Ridge was early on youtube.
Its because I watched a ton of youtube.
I dont have an instagram, so I missed the 2012-2015 “influencer” rise.
Perfectly curated photo shoots, $50,000 for a feed post.
Kardashians, hot people on vacations, trying to sell you tummy tea.
Ridge never played there.
But as someone who was 20 in 2014, I spent 2-6 hours a day watching youtube.
First thing first, please listen to my awesome podcast
Content comes in eras. A brief history.
Someone on reddit wrote the post above.
It is directionally correct.
We could debate timelines or if these youtubers were really the most important of their era, but remove all the commentary on “content” and replace it with commerce.
Adsense was introduced early in youtubes life, but it wasnt broadly available until 2010.
Adsense fueled creator growth from 2010-2015.
Payouts were small and often times an MCM would take half, but it was doing what no other platform was doing at scale- paying you for content.

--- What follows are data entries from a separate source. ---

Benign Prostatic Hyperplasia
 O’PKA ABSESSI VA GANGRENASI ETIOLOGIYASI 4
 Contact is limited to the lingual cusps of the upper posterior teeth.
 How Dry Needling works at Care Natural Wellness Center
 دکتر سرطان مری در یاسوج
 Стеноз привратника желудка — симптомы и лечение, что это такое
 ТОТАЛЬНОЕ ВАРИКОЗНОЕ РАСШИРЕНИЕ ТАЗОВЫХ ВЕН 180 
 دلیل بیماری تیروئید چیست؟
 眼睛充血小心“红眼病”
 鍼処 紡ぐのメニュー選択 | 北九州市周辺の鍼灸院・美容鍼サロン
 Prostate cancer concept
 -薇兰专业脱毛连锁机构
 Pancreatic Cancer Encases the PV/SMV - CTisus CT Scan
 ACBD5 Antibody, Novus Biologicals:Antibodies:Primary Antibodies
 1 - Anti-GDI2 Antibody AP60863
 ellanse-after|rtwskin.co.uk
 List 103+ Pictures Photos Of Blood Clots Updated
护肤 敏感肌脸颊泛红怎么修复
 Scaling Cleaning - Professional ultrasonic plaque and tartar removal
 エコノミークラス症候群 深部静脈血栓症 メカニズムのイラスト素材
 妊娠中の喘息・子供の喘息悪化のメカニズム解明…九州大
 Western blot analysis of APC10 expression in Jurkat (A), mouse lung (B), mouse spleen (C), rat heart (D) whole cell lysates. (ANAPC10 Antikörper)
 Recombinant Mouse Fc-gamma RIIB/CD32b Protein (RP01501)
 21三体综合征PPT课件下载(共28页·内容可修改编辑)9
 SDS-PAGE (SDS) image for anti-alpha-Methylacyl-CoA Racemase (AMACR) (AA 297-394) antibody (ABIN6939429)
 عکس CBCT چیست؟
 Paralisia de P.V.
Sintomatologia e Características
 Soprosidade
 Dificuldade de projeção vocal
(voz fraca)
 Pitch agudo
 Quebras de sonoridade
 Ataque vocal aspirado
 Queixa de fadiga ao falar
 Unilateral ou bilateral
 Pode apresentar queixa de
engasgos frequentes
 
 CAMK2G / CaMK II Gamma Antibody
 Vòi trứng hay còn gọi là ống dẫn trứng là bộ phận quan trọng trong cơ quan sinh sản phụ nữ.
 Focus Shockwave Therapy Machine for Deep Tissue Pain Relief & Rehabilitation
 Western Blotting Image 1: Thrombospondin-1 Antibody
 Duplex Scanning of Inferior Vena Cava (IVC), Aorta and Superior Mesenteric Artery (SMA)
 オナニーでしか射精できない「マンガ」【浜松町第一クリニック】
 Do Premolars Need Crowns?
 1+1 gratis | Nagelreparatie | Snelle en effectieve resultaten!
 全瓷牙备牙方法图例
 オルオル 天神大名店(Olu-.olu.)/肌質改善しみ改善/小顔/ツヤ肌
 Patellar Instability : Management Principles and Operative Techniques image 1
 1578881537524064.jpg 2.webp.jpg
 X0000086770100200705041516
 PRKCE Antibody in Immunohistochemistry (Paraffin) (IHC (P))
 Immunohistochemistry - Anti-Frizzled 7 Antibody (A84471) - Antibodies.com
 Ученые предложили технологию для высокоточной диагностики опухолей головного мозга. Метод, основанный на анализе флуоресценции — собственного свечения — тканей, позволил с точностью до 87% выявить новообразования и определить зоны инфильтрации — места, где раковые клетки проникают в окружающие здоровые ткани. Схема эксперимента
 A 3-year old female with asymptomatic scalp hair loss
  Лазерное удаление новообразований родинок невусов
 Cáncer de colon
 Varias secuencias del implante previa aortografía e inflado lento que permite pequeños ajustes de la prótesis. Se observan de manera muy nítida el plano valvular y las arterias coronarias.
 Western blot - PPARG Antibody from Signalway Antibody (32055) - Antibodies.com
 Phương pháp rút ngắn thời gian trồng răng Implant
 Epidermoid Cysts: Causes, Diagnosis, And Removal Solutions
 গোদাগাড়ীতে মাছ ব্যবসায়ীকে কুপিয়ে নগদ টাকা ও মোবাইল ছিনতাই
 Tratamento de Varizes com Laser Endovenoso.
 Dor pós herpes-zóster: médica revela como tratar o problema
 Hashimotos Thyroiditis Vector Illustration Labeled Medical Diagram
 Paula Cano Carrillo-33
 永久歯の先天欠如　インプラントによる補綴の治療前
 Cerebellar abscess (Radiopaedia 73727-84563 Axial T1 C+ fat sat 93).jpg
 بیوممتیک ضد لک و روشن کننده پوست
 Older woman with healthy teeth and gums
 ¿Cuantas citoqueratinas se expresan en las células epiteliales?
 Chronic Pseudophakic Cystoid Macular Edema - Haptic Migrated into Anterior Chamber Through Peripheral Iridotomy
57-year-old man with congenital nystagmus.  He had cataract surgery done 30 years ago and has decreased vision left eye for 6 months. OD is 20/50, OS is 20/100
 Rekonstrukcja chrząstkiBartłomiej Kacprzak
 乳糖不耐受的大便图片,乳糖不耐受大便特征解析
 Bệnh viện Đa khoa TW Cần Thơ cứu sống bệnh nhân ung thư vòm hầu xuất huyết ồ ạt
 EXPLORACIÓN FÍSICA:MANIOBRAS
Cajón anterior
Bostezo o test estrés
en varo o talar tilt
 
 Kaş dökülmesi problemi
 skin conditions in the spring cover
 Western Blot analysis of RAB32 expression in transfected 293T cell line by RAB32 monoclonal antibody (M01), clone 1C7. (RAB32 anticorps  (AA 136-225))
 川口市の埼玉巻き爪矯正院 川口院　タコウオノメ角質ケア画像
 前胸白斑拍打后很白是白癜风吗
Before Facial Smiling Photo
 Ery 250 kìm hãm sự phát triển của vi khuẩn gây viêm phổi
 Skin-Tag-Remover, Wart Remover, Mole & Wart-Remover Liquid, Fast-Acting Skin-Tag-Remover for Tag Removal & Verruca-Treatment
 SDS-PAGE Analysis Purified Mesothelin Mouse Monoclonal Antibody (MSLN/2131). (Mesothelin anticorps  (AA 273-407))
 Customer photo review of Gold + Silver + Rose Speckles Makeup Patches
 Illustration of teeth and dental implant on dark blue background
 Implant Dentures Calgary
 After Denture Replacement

But by the end of 2016, more and more creators were being demonetized.
The 5 years prior, people built up operations. Teams. Studio space.
H3H3 is a good example. They had employees they had to pay.
But ad sense as a revenue source became unreliable.
The platform went through the first of many “ADpocalypses”
Ridge and Early Youtube Influencer:
Really by chance, I was watching youtube in 2015.
I thought “hey we should sponsor this channels”
We obviously werent the first people to do it.
But I think we were one of the early DTC brands to lean in here.
And it was a huge growth driver from 2015-2020.
Our strategy was:
“If the CPMs match facebook, book the deal”
Facebook CPMs were $8 bucks.
You get better targeting, tracking, etc.
But if we could get a personal endorsement for the same price, why not try?
We spent millions of dollars in those 5 years.
Built out an in house team. Built some great relationships.
We were a steady revenue source when adsense wasnt.
The Rise of Crypto and the new era of content:
Influencer is still a huge part of what we do.
We will sponsor 2,000+ creators this year.
Deploy millions once again.
But something changed around 2021 and into 2022.
Really two things happened:
CRYPTO:
Crypto ate the world.
Creators we worked with for years got their bag.
Where we would pay $10 CPMS, crypto would LITERALLY PAY $200.
Now, we know it was all stolen money, FTX was a big spender in the space.
But still, crypto and other scammy advertisers really hurt the channel for a long time.
There were always jokes about us and raid shadow legends.
But they were harmless lol- we are a wallet they are some weird game.
But when you get NFTs, Crypto, shitcoins and rugpulls using the same ad space as you- not only does it drive up prices, it can hurt the trust of the channel.
We saw this correct a bit in 2022.
FTX blew up, they stopped paying influencers, prices crashed.
But the damage was done.
Long form ads on youtube had hurt a lot of people.
The rise of “for you” content:
You can blame tik tok and shortform, but really this was always going to happen.
Youtube, and really all platforms, want a long tail of creators.
More smaller creators means they dont have to cater to 10 mega stars.
Smaller creators have less spotlight, less cancelability, less bargaining power.
Plus- tik tok showed the addictive nature of hyper specific content.
“Oh you like metal music and waffles? here is someone playing metal riffs while cooking a full breakfast!”
So many people creating content leads to unlimited choice.
Unlimited choice leads to better and better recommendations.
And these recommendations, in theory, get you to spend more time watching the content.
SO what does “for you” content have to do with ads?
Less views.
Subscribers mean nothing now.
Legacy accounts mean nothing.
Creating content pre 2020 and post 2020 are different games.
We used to sponsor hundreds of channels that would pull in 1m views a video.
But because viewership has shifted from tentpole culturally important channels, to long tail “for you” content, there was been a 50% reduction in 1m+ video channels.
And the channels that do push those views are taking more time between uploads, focusing on quality and worklife balance.
Its not about audience anymore.
It is about algorithm.
2023+ the future of influencer
The unlock now is being the media company.
The shelf life of any one channel is questionable.
The algo can change and then your audience disappears.
The opportunity is to get good at making content, so that you can reach people as your own influencer.
And if the algo changes? you are a company. Reinvent and do it again.
Influencer will always be something we do.
But I think our budget stays flat for the next few years.
Ill spend 1-3m building my own content.
Keep my long term partners bought into the brand.
Find cool new people doing cool stuff.
Find new ways to engage with the people we work with.
But the old era is over.
You wont just sponsor a video and print money.
One off deals wont even make sense anymore.
Views are too random. Are you reaching loyal audience or top of funnel algo?